Beyond the security gates at the main entrance of the library was an area around the staircase that students had taken to using as a hangout. At the far end of the hall was the help desk, where they could manually check out their books, and beyond us was the reserve section, where they could check out material for either three hours or one week, depending on the proviso put down by the course head. The fines we made them pay if the reserve material was overdue were heavy, to say the least. We’re talking two pence a minute, which is roughly three cents a minute. Doesn’t sound like much, but if a student didn’t return the material for a week, or two, or a month … Yeah … you see where I’m going with this. My least favorite part of the job was telling students what their fines amounted to in the reserve section.

The girl leaned in close, her cheeks flushed. ‘I’m partnered with a student who has an accessible room. Unfortunately, we can’t get into that room right now because of … students and certain activities going on in there.’

When she blushed harder, I instantly understood and glanced over my shoulder at Angus, who was taking a folder out of a filing cabinet. Angus, a bald, good-looking forty-something with kind eyes and a sharp sense of humor, overheard her comment, and his lips twitched with laughter as he said, ‘Your turn.’
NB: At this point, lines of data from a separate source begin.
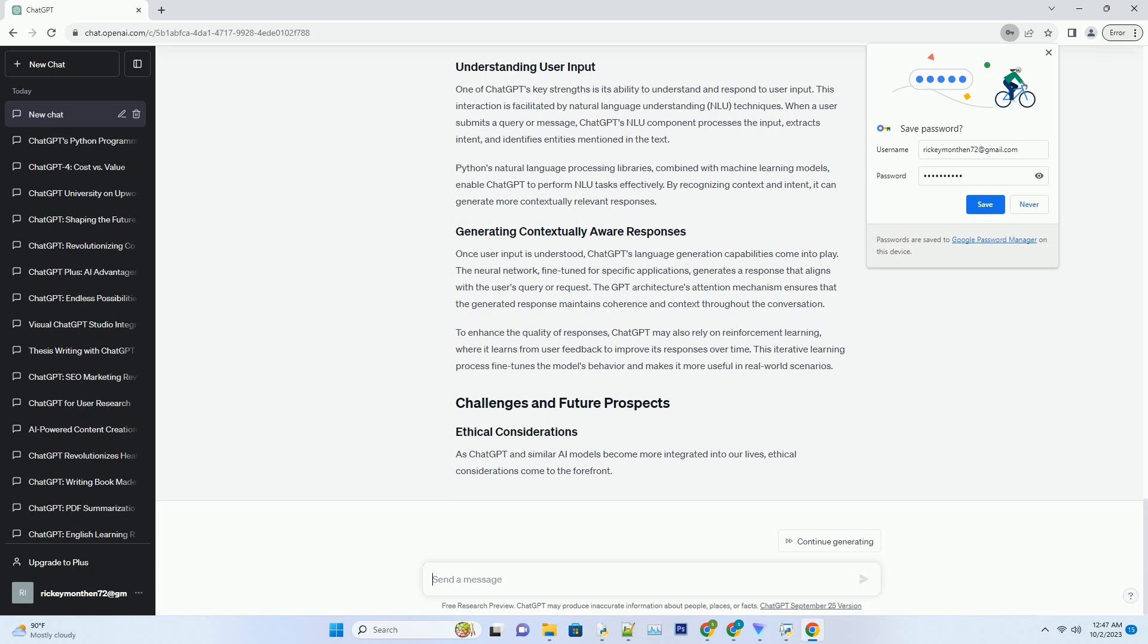Training a language model like ChatGPT is an exceptionally resource-intensive process. It requires access to vast datasets, substantial computational power, and often specialized hardware. ChatGPT leverages the capabilities of cloud computing platforms, such as AWS and Google Cloud, to harness the necessary resources.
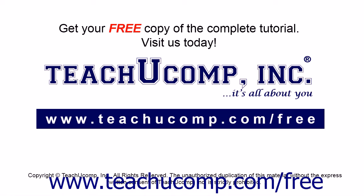Get your free copy of the complete tutorial at www.teachucomp.com/free.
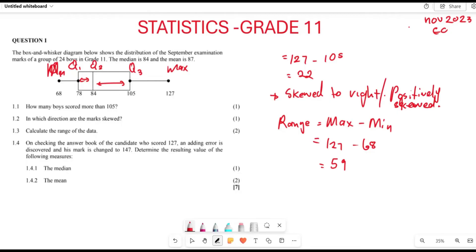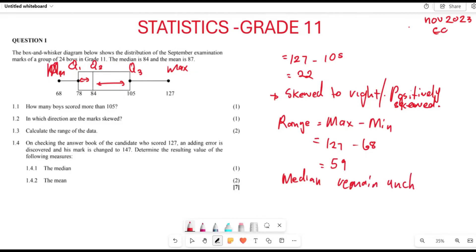First, does changing the maximum value affect the median? No, because the median is determined by position — how many data values you have. With 24 boys, the median falls between the 12th and 13th values. Changing the maximum does not affect those positions, so the median remains unchanged.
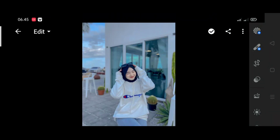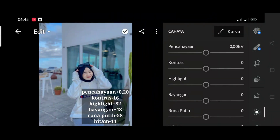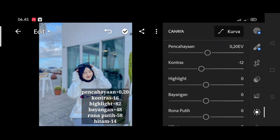Oke, tanpa berlama-lama lagi langsung saja kita mulai ke tutorialnya ya teman-teman. Dan untuk bagian pencahayaannya teman-teman boleh sesuaikan aja dengan foto yang teman-teman edit ya teman-teman.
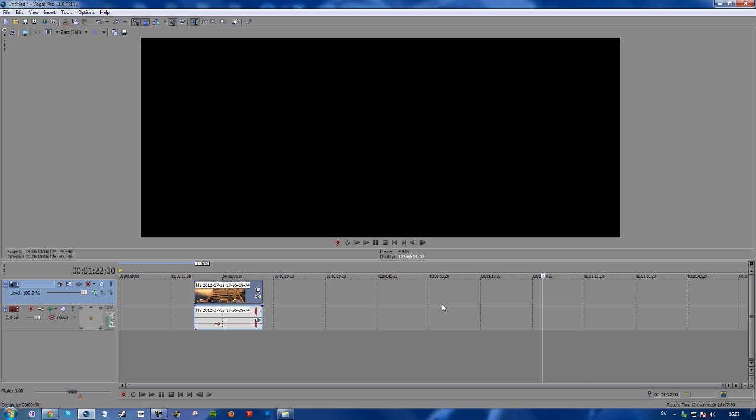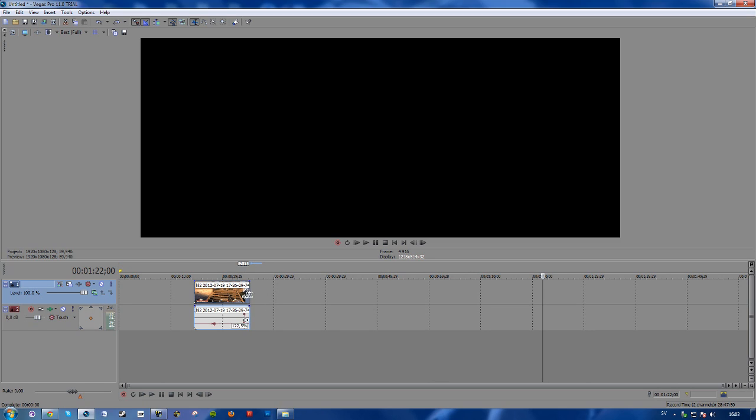So it's pretty simple. Simply press and hold Ctrl, move your cursor to the beginning or the end of the clip, click and hold, and simply drag inwards to speed up the clip.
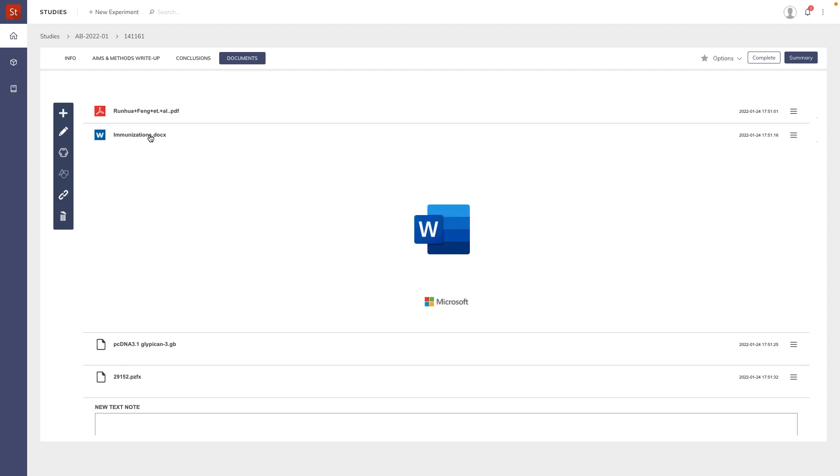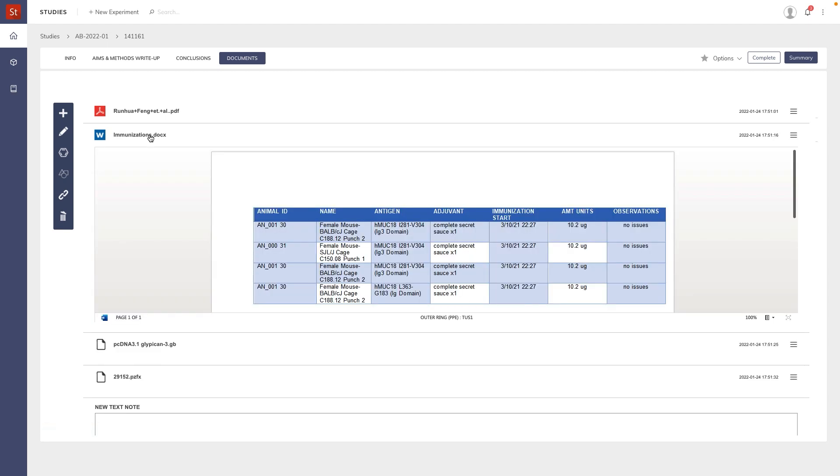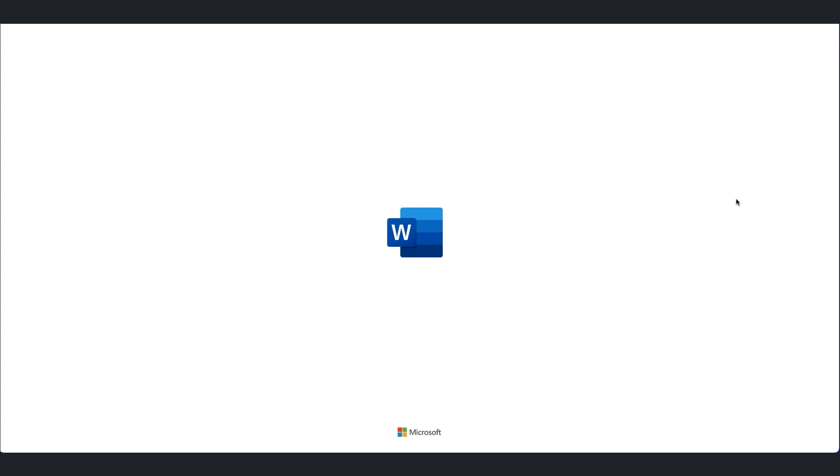So for the Word document, for example, you're now seeing a preview using Office 365. For those of you not on the cloud, you would see a simple inline document preview. To edit a document we simply open that document.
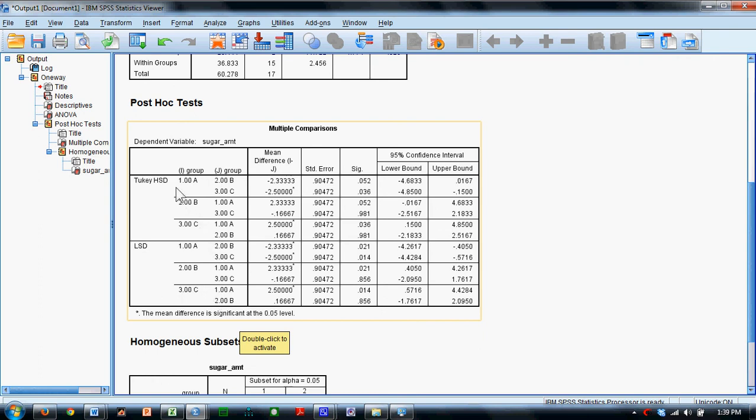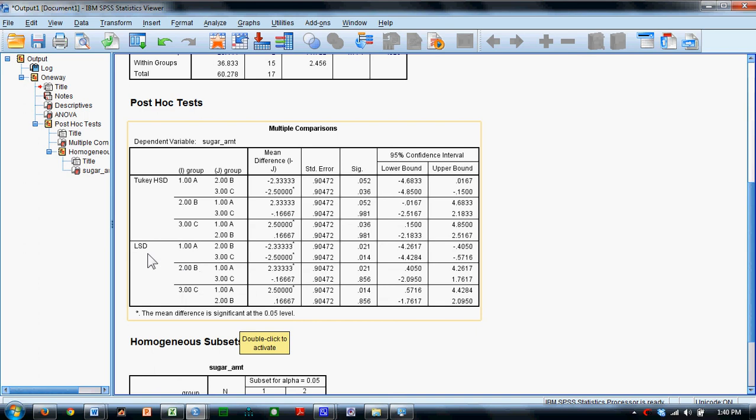The same is true for Tukey HSD, but you'll notice something different: not every comparison is statistically significant as before. For instance, the difference between groups 1 and 2 is no longer statistically significant, whereas it was with LSD. That's the one-way analysis of variance with LSD and HSD post hoc comparisons.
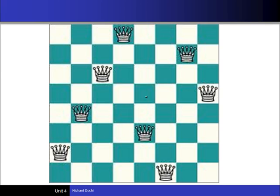Now the question is: if we place two queens, how can we ensure they are not in the same column? Consider the first queen at position (i, j) and the second queen at (k, l). To check for the same row: if i equals k, they are in the same row. To check for the same column: if j equals l, they are in the same column. Now, what about the diagonal?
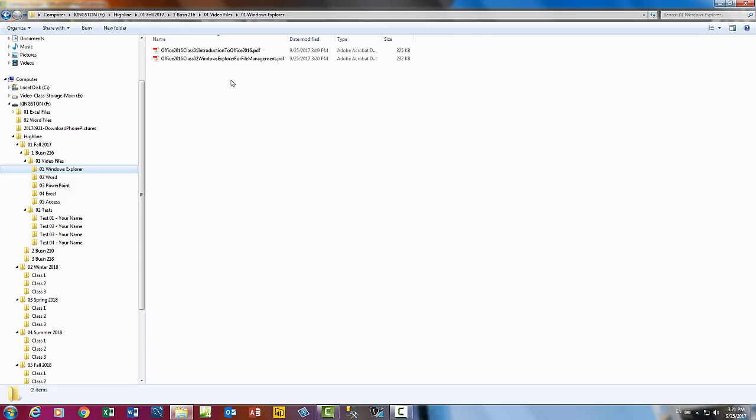Now that's the last video for Windows Explorer. There's three videos. This is the third one. Next video, we'll start studying Word. We'll see you next video.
I grimaced but smoothed my face into perfect serenity when I turned back to the student. ‘Of course.’ Rounding the main desk, I caught up to the girl, whose whole body was rigid with embarrassment. God, I hoped I was walking into a little mild making out and not full-on sex. Horny little bastards. ‘I take it your friend forgot to lock her room last time she used it?’

The accessible rooms were small private rooms on the first floor, with lockable doors. They were reserved for any of our students with a disability. Those students were permanently assigned a room for the semester; however, more times than I’d like to count, I’d been tasked with kicking students out of the rooms not only for using them when they shouldn’t have been but for utilizing them as hotel rooms.

Having caught two students going at it in the less-than-hygienic men’s toilet, though, I was no longer surprised by anything.

As we rounded the staircase, I had to forcibly ignore the smell of coffee floating toward me from the student café. I would so much rather have been sitting down drinking a latte than playing whatever you called the opposite of a brothel’s madam.

‘She must have forgot.’ The girl pressed her lips together. ‘But that’s not really the point.’

I supposed I had to give her that.

When we reached the first floor, I flicked my long hair over my shoulders, threw them back, and marched into the main room, striding past study booths, study pods, and a bunch of giggling students who sat across from the accessible rooms. Attempting to look like I meant business, I looked back at the girl. ‘Which one?’